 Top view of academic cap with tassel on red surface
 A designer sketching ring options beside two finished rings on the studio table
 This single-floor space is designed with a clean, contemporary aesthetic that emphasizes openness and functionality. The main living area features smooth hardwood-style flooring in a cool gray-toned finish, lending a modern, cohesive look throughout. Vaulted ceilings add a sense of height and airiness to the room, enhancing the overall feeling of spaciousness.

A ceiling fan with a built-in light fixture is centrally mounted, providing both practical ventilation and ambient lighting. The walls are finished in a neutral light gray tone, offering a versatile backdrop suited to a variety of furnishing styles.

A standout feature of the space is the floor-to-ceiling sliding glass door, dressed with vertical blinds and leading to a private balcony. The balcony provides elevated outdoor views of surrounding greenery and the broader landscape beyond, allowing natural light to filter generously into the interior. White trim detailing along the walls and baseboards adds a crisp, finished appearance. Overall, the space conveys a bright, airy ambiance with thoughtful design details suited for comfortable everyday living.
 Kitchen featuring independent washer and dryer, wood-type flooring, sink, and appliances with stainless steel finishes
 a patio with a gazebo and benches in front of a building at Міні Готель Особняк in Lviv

#### DESCRIPTION OF THE TASK
Retype every entry, keeping each character as it was.

#### RESPONSE AREA
 Top view of academic cap with tassel on red surface
 A designer sketching ring options beside two finished rings on the studio table
 This single-floor space is designed with a clean, contemporary aesthetic that emphasizes openness and functionality. The main living area features smooth hardwood-style flooring in a cool gray-toned finish, lending a modern, cohesive look throughout. Vaulted ceilings add a sense of height and airiness to the room, enhancing the overall feeling of spaciousness.

A ceiling fan with a built-in light fixture is centrally mounted, providing both practical ventilation and ambient lighting. The walls are finished in a neutral light gray tone, offering a versatile backdrop suited to a variety of furnishing styles.

A standout feature of the space is the floor-to-ceiling sliding glass door, dressed with vertical blinds and leading to a private balcony. The balcony provides elevated outdoor views of surrounding greenery and the broader landscape beyond, allowing natural light to filter generously into the interior. White trim detailing along the walls and baseboards adds a crisp, finished appearance. Overall, the space conveys a bright, airy ambiance with thoughtful design details suited for comfortable everyday living.
 Kitchen featuring independent washer and dryer, wood-type flooring, sink, and appliances with stainless steel finishes
 a patio with a gazebo and benches in front of a building at Міні Готель Особняк in Lviv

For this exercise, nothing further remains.